Serie Meine schönsten Sporterlebnisse: Warburger Hermann Scholz denkt an 30 absolvierte Hermannsläufe, die Zeit als Trainer der DJK Laurentius Warburg und den Aufstieg in die 2.Tipp-Kick-Bundesliga
Der „Herminator“ ist nicht zu stoppen

Warburg -

Hermann Scholz und der Hermannslauf – da gibt es eine besondere Verbindung. Dreißigmal ist der Warburger die anspruchsvollen 31,1 Kilometer vom Detmolder Hermannsdenkmal zur Bielefelder Sparrenburg gelaufen.
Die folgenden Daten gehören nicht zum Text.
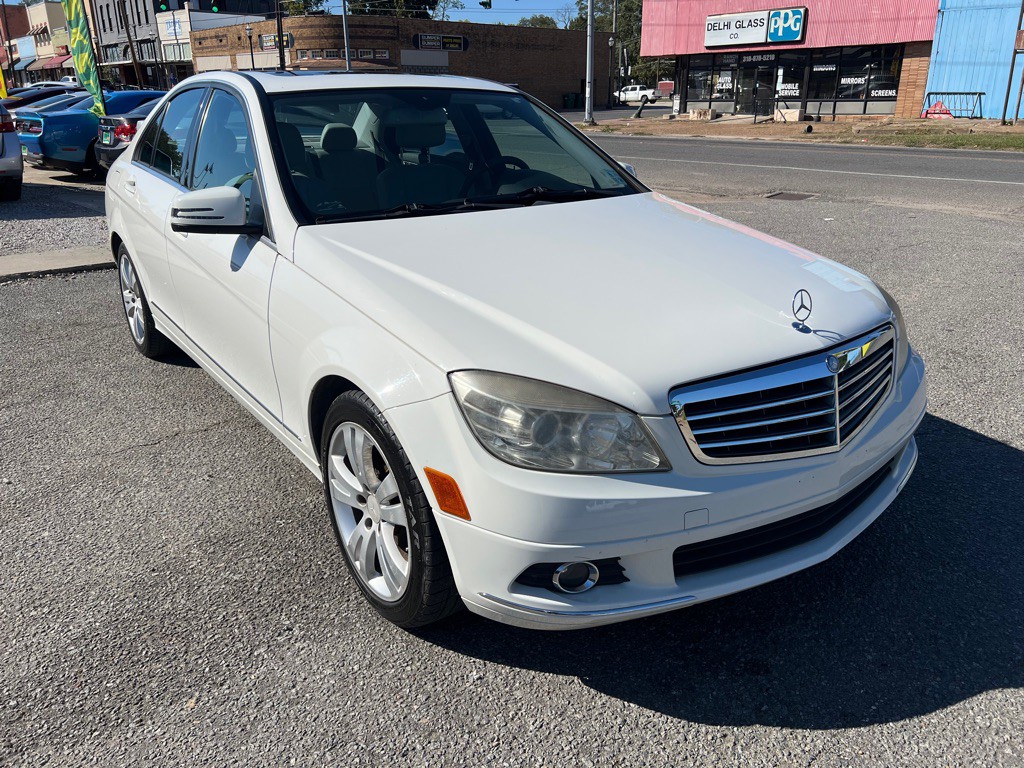 2010 Mercedes-Benz C-Class Image 15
Zu seinen schönsten Sporterlebnissen gehören zudem sein erster Marathon unter drei Stunden, die Zeiten im Tipp-Kick-Sport mit dem 1. TKC Arminia Warburg und als Lauftrainer des Sportvereins DJK St. Laurentius Warburg. „Meine große Liebe gehörte und gehört dem Laufsport“, nennt er mit einem Lächeln seine Leidenschaft. Von Günter Sarrazin
Dienstag, 23.03.2021, 03:03 Uhr
Veröffentlicht: Dienstag, 23.03.2021, 03:03 Uhr
Mit Laufschuhen und Tipp-Kick-Figur: Der Sport hält Hermann Scholz (71) fit. Drei- bis viermal in der Woche läuft er zehn Kilometer. „Am liebsten die Heinturmrunde“, sagt der Warburger, der viele Menschen zum Laufsport motiviert hat.
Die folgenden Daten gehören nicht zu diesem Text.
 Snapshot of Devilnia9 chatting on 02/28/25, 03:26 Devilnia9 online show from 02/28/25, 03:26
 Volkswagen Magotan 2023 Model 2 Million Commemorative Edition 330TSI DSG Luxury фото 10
Mit Laufschuhen und Tipp-Kick-Figur: Der Sport hält Hermann Scholz (71) fit. Drei- bis viermal in der Woche läuft er zehn Kilometer. „Am liebsten die Heinturmrunde“, sagt der Warburger, der viele Menschen zum Laufsport motiviert hat. Foto: Privat
Betreuer, Vorläufer, Trainer und Vorbild. All das war Hermann Scholz (71) für viele Läufer und Läuferinnen im St. Laurentiusheim Warburg (HPZ). Der gelernte Tischler, der 1968 zum Erzieher umschulte, gab seine Begeisterung für den Laufsport mit seiner ruhigen und freundlichen Art weiter. Und stieß auf eine große Resonanz. Mit bis zu 50 Teilnehmerinnen und Teilnehmern prägten die DJKler in den 1980er- und 1990er Jahren das Bild der Laufveranstaltungen in der Region. „Unser Training haben wir hauptsächlich rund um den Heinturm absolviert. Spitzenzeiten unserer Läufer waren 33 und 34 Minuten über zehn Kilometer“, blickt Scholz zurück. „Mit 36 Minuten war ich nicht der Allerschnellste“, ergänzt er mit einem Augenzwinkern. Die Strecken über 20 Kilometer hatten bei dem früheren Ossendorfer, der sich schon als Kind gerne in der Natur bewegte, immer Priorität. Sehr glücklich war er über seine Zeit über 25 Kilometer in Frankenberg im Jahr 1990. „Sie lautete: 1:37,32 Stunden“, sagt er nach einem Blick auf eine der Fotowände, die er im Laufe seiner vielen Sportlerjahre erstellt hat. Seine größte Erfolgsserie sind die 30 absolvierten Hermannsläufe. „Mit einer gewisen Portion Ehrgeiz und einer guten Vorbereitung“, erklärt der „Herminator“ diese stattliche Zahl. Freunde aus dem Warburger SV haben seine Beständigkeit und Leistung mit einem T-Shirt für den 30-maligen Finisher gewürdigt. Ein besonderer Höhepunkt datiert aus dem Jahr 1991, in dem er beim Marathon erstmals unter drei Stunden blieb. 2:53,23 Stunden zeigte die Uhr in Duisburg an.